Oh, did I mention that Congressman Mica is a Republican – hence, planks number three and four. Three is to “address issues that drive health care costs up and lessen needless regulatory burdens.” Yes, of course, it is regulatory burdens that leave Florida’s poor without health care. Number four reads “create more jobs and greater economic growth by not placing needless regulatory burdens to improve coverage.”

I trust you are beginning to see the pattern.

Plank number five is to “allow individuals maximum choice and lower health care premiums which only increased competition provides.” Republicans sure love the idea of maximum choice except when it comes to a woman’s body.

Plank number 11 reads “maintain the 30 year Federal policy that prohibits taxpayer funding of abortions and provide conscience protections for health care providers.” Do either of these planks address insuring Florida’s uninsured? Actually, yes, they do. In a manner of speaking.

Plank eight is a personal favorite. “Keep the government out of patients’ sick beds by protecting the doctor-patient relationship.” Haha! Too funny, Congressman. That supposes the uninsured sick are actually patients in a bed. Oh, yes, of course, I see — their own.

There has to be a plank (number 10) that reads, “Expand incentives to encourage personal responsibility for health care coverage and costs.” You’d think poverty (being poor/poorer), according to Republican values, would be incentive enough. Bootstraps, Lad! Hey, maybe the ’Pubs are onto something. By increasing poverty in America, more citizens will take responsibility and self-insure. Sure sounds like a plan to me.

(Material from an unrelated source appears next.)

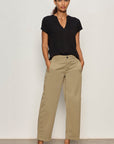 Woman wearing a black top and beige pants against a white background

Republicans at the state level are doing their part, as well, to ensure that the uninsured remain that way. This year the Florida legislature passed, and Gov. Rick Scott signed into law, a bill preventing Florida’s insurance commissioner from regulating insurance premiums.

Now, you might quite reasonably ask, why would you want to prevent the state insurance commissioner from negotiating with insurance companies (on behalf of Floridians) for lower premiums? Think. Oh, did I mention that the law is in affect for the next two years?

Will the Republican State Legislature, in its attempt to sandbag Obamacare, have insurance premiums rise for all Floridians? Unfortunately, this is health care in Florida. Congressman Mica opened his letter to me with “I have long been an advocate for access to affordable health care for all Americans.” He omitted eight words… “but only for those Floridians who can afford it.”